Est-il possible de chiffrer ce décrochage ?
Sur la période 2012-2019, nous avons observé une certaine stabilité des parts : environ deux tiers des profits rémunèrent le travail, un tiers revient au capital. Entre 2022 et 2023, près de 30 milliards d’euros de valeur ajoutée pourraient se déplacer du travail vers le capital. Ce phénomène s’explique par l’inflation alors que des entreprises possèdent des pouvoirs de marché importants sur les biens et services comme le travail. Dans un contexte inflationniste, certaines entreprises ont pu relever leurs marges sans pour autant perdre significativement des clients ou des consommateurs.

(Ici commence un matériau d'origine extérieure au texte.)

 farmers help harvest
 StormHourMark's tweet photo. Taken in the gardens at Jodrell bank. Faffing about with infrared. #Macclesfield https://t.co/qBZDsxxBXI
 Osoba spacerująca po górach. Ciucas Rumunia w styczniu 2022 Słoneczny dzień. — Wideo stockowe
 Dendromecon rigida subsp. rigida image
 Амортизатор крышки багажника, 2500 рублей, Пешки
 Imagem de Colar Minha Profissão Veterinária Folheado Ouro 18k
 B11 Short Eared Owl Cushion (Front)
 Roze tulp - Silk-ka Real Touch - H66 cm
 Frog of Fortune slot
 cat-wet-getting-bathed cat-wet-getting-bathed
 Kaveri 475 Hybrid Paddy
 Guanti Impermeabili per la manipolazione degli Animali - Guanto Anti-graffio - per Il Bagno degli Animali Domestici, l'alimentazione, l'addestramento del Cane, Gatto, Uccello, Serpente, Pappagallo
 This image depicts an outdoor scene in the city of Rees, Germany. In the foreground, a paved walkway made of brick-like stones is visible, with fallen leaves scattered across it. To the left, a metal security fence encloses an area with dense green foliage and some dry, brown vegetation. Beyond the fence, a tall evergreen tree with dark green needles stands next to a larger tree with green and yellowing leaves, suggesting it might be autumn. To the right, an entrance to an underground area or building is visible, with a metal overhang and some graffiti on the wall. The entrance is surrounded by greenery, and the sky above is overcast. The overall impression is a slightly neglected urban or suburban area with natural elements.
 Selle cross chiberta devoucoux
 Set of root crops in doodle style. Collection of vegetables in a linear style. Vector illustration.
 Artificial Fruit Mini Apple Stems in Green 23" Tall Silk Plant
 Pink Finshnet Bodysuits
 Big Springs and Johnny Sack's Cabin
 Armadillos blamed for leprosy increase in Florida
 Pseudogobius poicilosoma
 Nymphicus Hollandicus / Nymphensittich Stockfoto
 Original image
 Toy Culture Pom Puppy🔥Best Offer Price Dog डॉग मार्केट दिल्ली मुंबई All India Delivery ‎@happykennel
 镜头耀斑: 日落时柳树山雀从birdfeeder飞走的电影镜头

Ces nouveaux profits n’ont pas été fléchés vers la rémunération du travail. Parallèlement, les syndicats n’ont pas pu freiner cette évolution, et l’État n’a pas agi contre l’inflation par les profits. Il n’y a pas eu de taxation des superprofits.
Existe-t-il une possibilité de rééquilibrer le partage en faveur des salariés ?
Il y a deux possibilités pour redynamiser les salaires. La première solution, si l’on est libéral, c’est de rétablir une concurrence sur le marché du travail pour lutter contre les positions dominantes et lever les clauses de non-débauchage, qui freinent les augmentations de salaire. L’autre solution, c’est de renforcer le pouvoir de négociation des salariés, qui a été affaibli ces dernières années. Plus structurellement, le rôle des syndicats se pose. Ils doivent retrouver dans une société hyperconnectée, et pourtant fragmentée, un mode d’action collectif puissant vis-à-vis des employeurs, pour décrocher des augmentations de salaire.